São abundantes os sinais de que o arguido A... há muito pretende agredir o seu irmão C.... Os indícios deste desígnio, para além da gravidade evidenciada nesta ocorrência, estão patentes nos autos de notícia incertos a fls. 166 e 168, onde ressalta o perfil violento do arguido.
Se tomarmos em consideração o resultado da busca que lhe apreendeu vário material explosivo e ofensivo, aparentemente sem justificação válida, que indicia também a prática de um crime de posse de explosivos p. e p. pelo art° 275°, n.1 do Código Penal, são avisadas as razões cautelares que determinaram a aplicação da prisão preventiva. É forte a probabilidade do arguido reiterar o seu comportamento atentando contra a vida do seu irmão.
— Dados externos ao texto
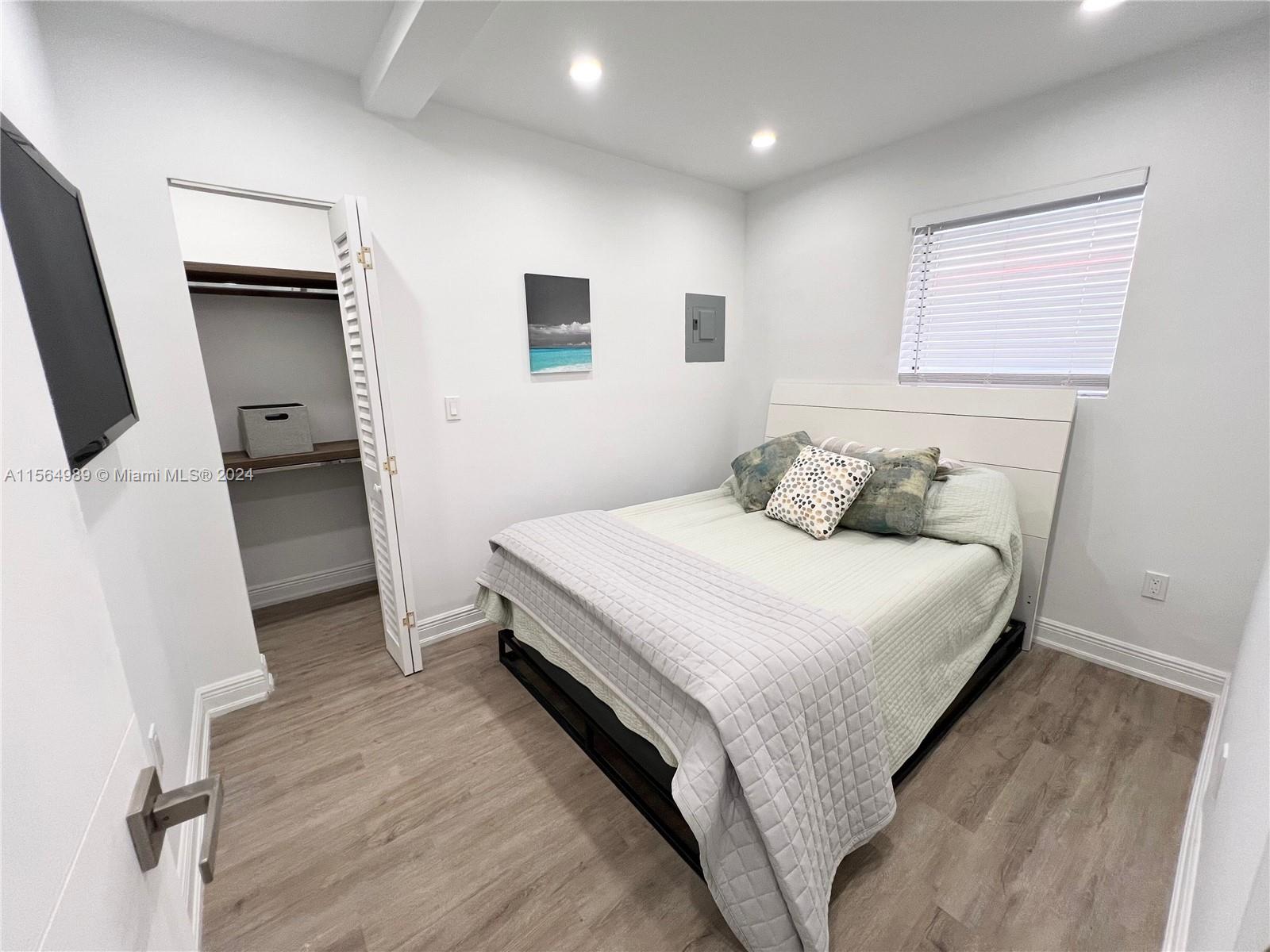 1407 Meridian Ave # 4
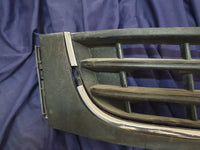 Volkswagen Amarok Front Bumper Lower Grille - Chrome broken, Frame cracked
Este propósito não é inédito e parece bem vincado.

Termos em que na procedência parcial do recurso decide-se revogar a decisão recorrida quanto ao arguido B... ordenando que o mesmo seja sujeito a termo de identidade e residência, pela indiciada prática de crime de homicídio qualificado, na forma tentada, previsto e punido pelos artigos 22°,23° 131° e 132° n.2 al. g) todos do Código Penal e crime de detenção ilegal de arma previsto e punido pelo art. 6° da Lei 22/97, de 27 de Junho, na redacção que lhe foi dada pela Lei 98/2001, de 25 de Agosto.
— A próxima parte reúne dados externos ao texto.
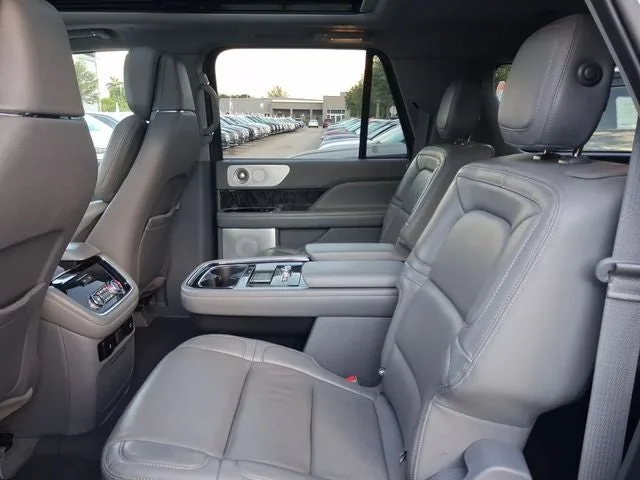 2020 Lincoln Navigator L Reserve photo 6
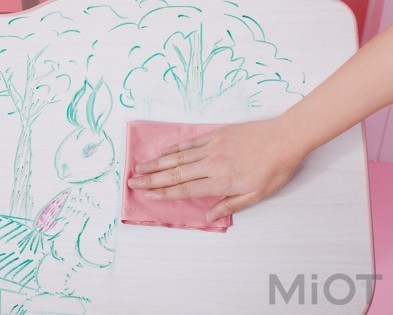 Дитячий навчальний стіл і стілець Xiaomi IGROW Pink (D001MR + C001SZ)
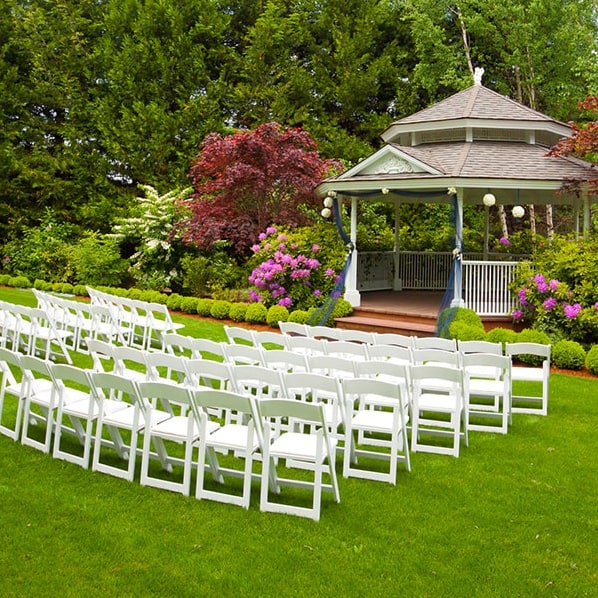 ofrecemos servicio de entrega y recogida de nuestros baños de renta para fiestas en el lugar del evento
O arguido A... aguardará os ulteriores termos processuais sujeito à obrigação de permanência na habitação tal qual foi ordenado pela decisão recorrida.

Comunique de imediato ao tribunal recorrido que o arguido B... deve ser restituído á liberdade depois de prestar T.I.R..
O arguido A... suporta as custas do recurso – 5 UC de taxa de justiça.